Un rendez-vous manqué ?

La gauche et les migrants

Jean-Patrick Clech

La gauche et les migrants

Jean-Patrick Clech

Si, comme le souligne Heidi Hartmann, il y a eu un « mariage malheureux entre marxisme et féminisme », entre la gauche et les migrants, c’est plutôt d’un rendez-vous manqué dont il faudrait parler.

Un rendez-vous vis-à-vis duquel la gauche a tout fait pour manquer à l’appel, et ce contre les intérêts sociaux et politiques du monde du travail et des classes populaires qu’elle est censée représenter.

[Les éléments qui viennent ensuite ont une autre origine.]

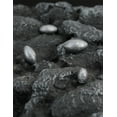 thumbnail image 5 of BLUEWING Egg Sinkers Lead Fishing Weights Sinkers Oval Bullet Weights for Saltwater and Freshwater Fishing, 5oz, 5 of 5
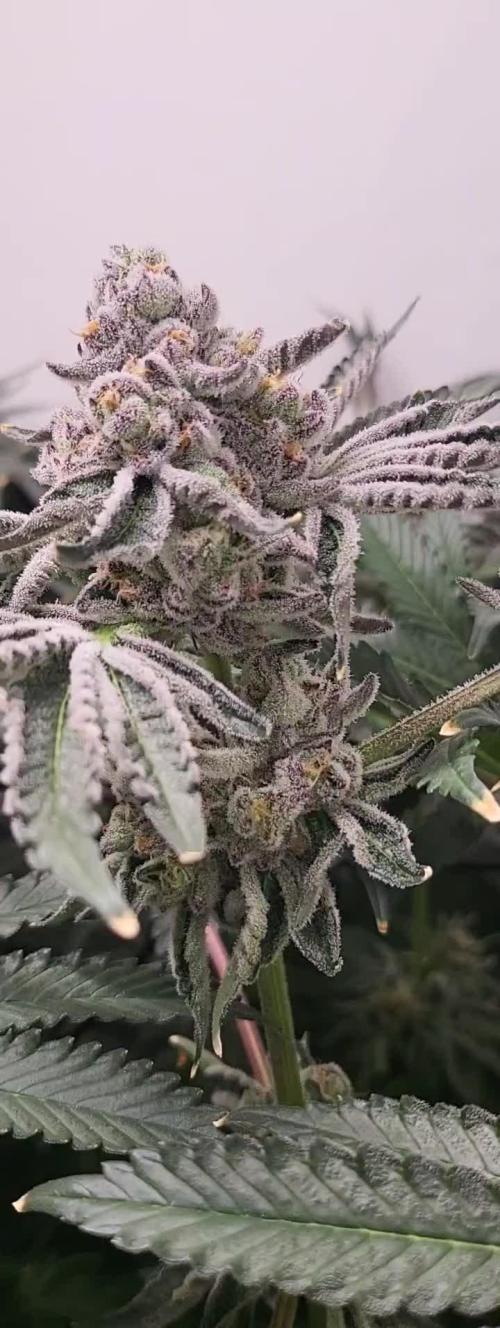 Last Dance - Wizard Trees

La problématique ne remonte pas à hier, mais plonge ses racines dans une histoire plus longue.

Le contraste est saisissant entre le positionnement, originaire, des premières structures du mouvement ouvrier, à partir de la première moitié du XIXe, ou de l’Association Internationale des Travailleurs, d’un côté, et le vide laissé, en février dernier, par la gauche syndicale et politique lors des dernières manifestations de solidarité avec les migrants et d’opposition à la loi « Asile et Immigration » du gouvernement Macron-Collomb. Quelques centaines de personnes, tout au plus, mais, hormis l’extrême gauche, aucun des partis majoritaire à gauche de l’échiquier politique n’était présent et appelait en tant que tel.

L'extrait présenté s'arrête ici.